To our knowledge, the data have not yet been reported on the difference in proline requirements, metabolism and biosynthesis between E. coli O157:H7 and other E. coli strains. As the additional examination, we used several other E. coli O157:H7 strains isolated from patients in outbreak cases and carried out the proline utilization and competition assays. In results, two out of six strains of E. coli O157:H7 reduced the proline concentration in the test medium. The growth of these two strains was suppressed in the medium pre-cultured with E. coli 1, and the growth suppression was attenuated by the supplementation with proline to the medium (data not shown), as well as the case of strain 44Rf. These data indicated that competition for proline contributes to the colonization resistance against E. coli O157:H7 but it is not the case for all E. coli O157:H7 strains. There could be several competitive nutrients and in this study, we defined one of them. The other competitive nutrients should be demonstrated in the further studies.

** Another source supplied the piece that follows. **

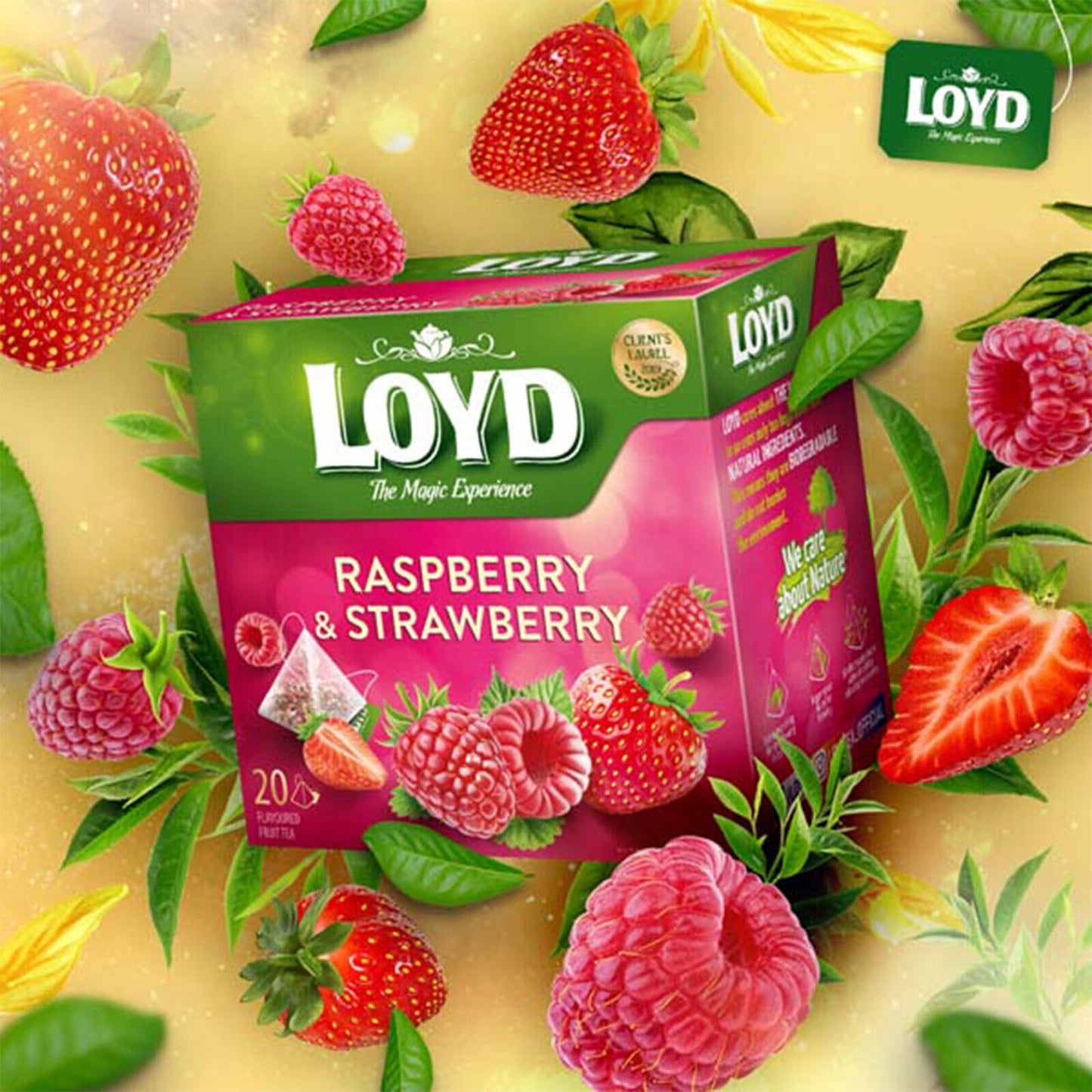 2 LOYD RASPBERRY & STRAWBERRY Flavor Fruit Tea 50 Pyramid Teabags Boxes 100g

In conclusion, extension of the lag time of growth by competition for at least one nutritional source with indigenous microbiota contributed to the elimination of E. coli O157:H7 from the intestine. We already demonstrated that enterobacteriaceae are indispensable in the elimination of E. coli O157:H7 and that enterococci and bifidobacteria play a supportive role (Momose et al. 2005). And also, motility of E. coli O157:H7 was suppressed by a combination of acetate plus lactate under anaerobic conditions (Momose et al. 2008). In conjunction with these previous reports, we conclude the following: the colonization resistance exerted by the infant indigenous microbiota against E. coli O157:H7 colonization is a consequence of at least two mechanisms. These mechanisms exert relatively mild suppression by themselves, rather than a consequence of only one crucial mechanism. One is that enterobacteriaceae, especially E. coli, compete for proline and extend the lag time of E. coli O157:H7 growth in the caecum. The other is that enterococci and bifidobacteria may generate caecal conditions that suppress the motility of E. coli O157:H7 under anaerobic conditions, i.e. the combination of acetate plus lactate. These two mechanisms likely contribute to the elimination of E. coli O157:H7 from the intestine by infant indigenous microbiota.